TALLULAH WANTS A MAN: Miss Bankhead’s Famous 1932 Interview

Welcome to a new Wildcard Wednesday! This week, I’m sharing scans of an oft-quoted interview Tallulah Bankhead gave to Gladys Hall for the September 1932 edition of Motion Picture Magazine. Though known more for her work on stage (and her quips off stage), the legendary deep-voiced actress made six films from 1931 to 1932, all of which have been featured on this blog… At the time of Hall’s publication, Bankhead was shooting her final movie of the era, Faithless (1932), the best of her output (it’s a Pre-Code Essential) and the only one produced by M-G-M. Her five earlier sound pictures had been with Paramount — the first three were shot on Long Island, the second two in Hollywood — and while the machine did its best to hype the Alabama-by-way-of-London starlet as the next celluloid sensation, the scripts Paramount gave to her were… well, they left a lot to be desired.

By the summer of 1932, “Talloo” was fed up with them and they were fed up with her. In production on her fifth Paramount film — Devil And The Deep (1932), incidentally the most interesting project they threw to her — she saw the writing on the wall. Following a costly critical failure (Thunder Below) that Paramount had hoped would reinvent her still-new image, the studio would only renew her contract at a pay cut. Accordingly to Variety, the frustrated actress “balked.” And she voiced her displeasure in a now-notorious magazine interview called, “Has Hollywood Cold-Shouldered Tallulah?,” during which she further alienated the industry’s conservative elite by once again unleashing the shock-’em-all persona they had tried to contain, as she blamed her problems not on Hollywood, but on the fact that she hadn’t had “an affaire” for six months. “I WANT A MAN!” she bellowed. See for yourself.

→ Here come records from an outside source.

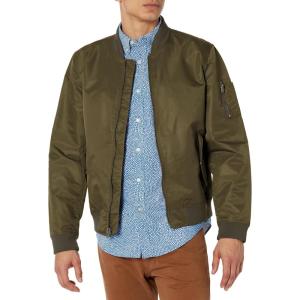 imageLevis Mens Flight Satin Unfilled Ma1 BomberMilitary Olive Filled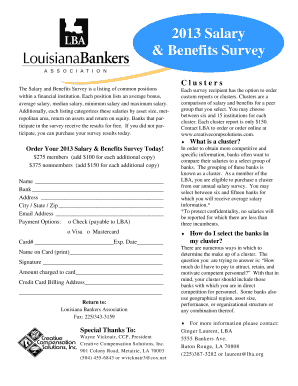 Salary survey flyer - LBA - lba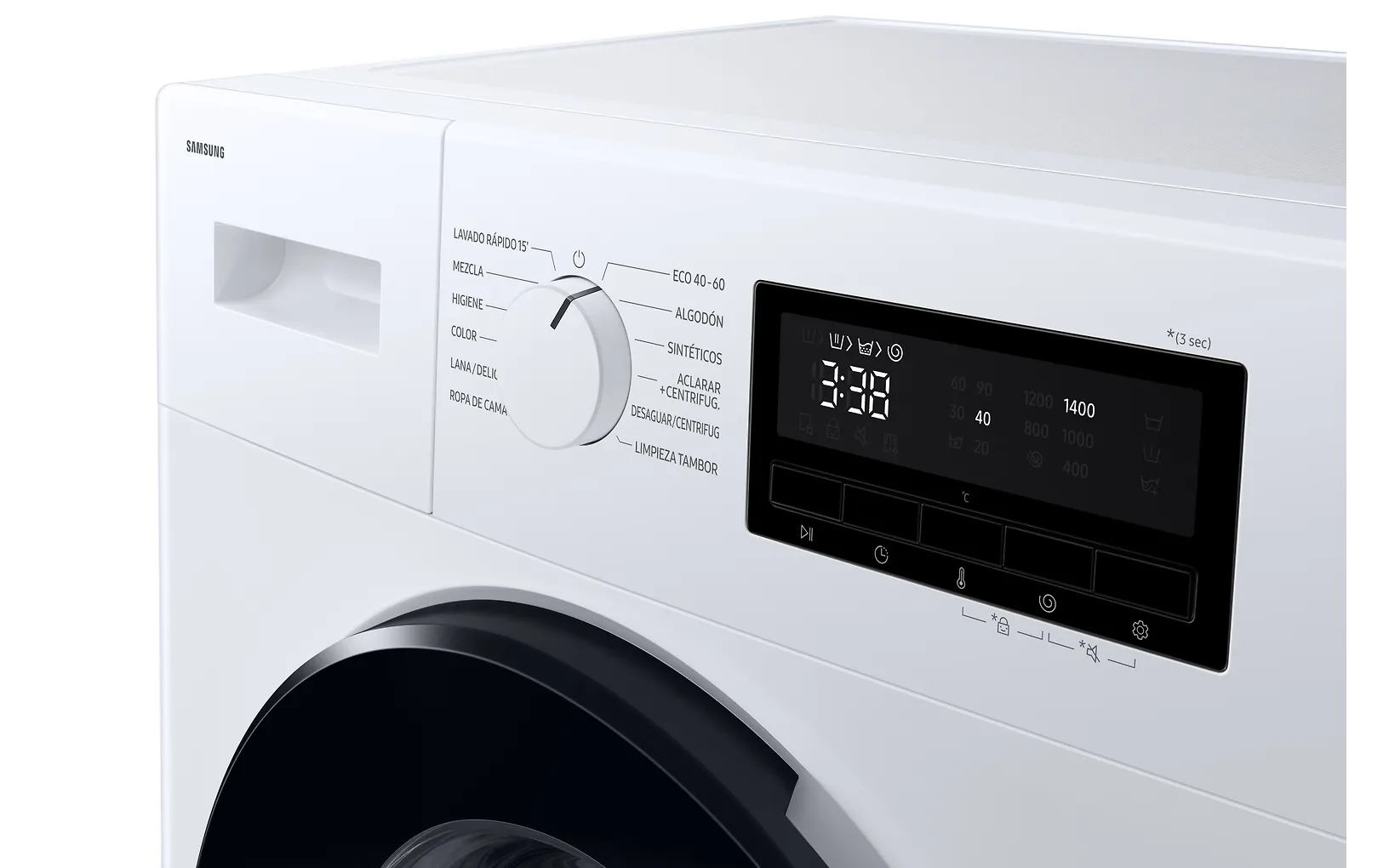 Samsung WW80FG3M05AWEE pyykinpesukone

Myths suggest that this article contributed to the demise of her screen career. But Paramount was already done — they’d spent too much on Bankhead. And although she had more success with her one picture at M-G-M, where she was given the glamorous star treatment her former studio simply couldn’t afford, the actress was growing, uh, restless (as this article indicates). In fact, she claimed to have turned down a contract from Mayer himself, after refusing to replace Jean Harlow in Red Dust. So, by November, it was official: Tallulah Bankhead would be returning to the New York stage. Where the first thing she probably did was have an affaire.

 

 

Come back next week for another Wildcard post! And stay tuned next Tuesday for more Raymond!

2 thoughts on “TALLULAH WANTS A MAN: Miss Bankhead’s Famous 1932 Interview

  1. Tallulah certainly was a character. I have read a lot of stories about her legendary parties. Also interesting that Bette Davis played a lot of her roles on film

    • Hi, Brent! Thanks for reading and commenting.

      She also found one of her stages roles taken by Joan Crawford, who took Bankhead’s part in the first play the Alabamian actress did after her escape from Hollywood, FORSAKING ALL OTHERS. (A fun romantic comedy that’s almost stifled by the Production Code under which it was made.)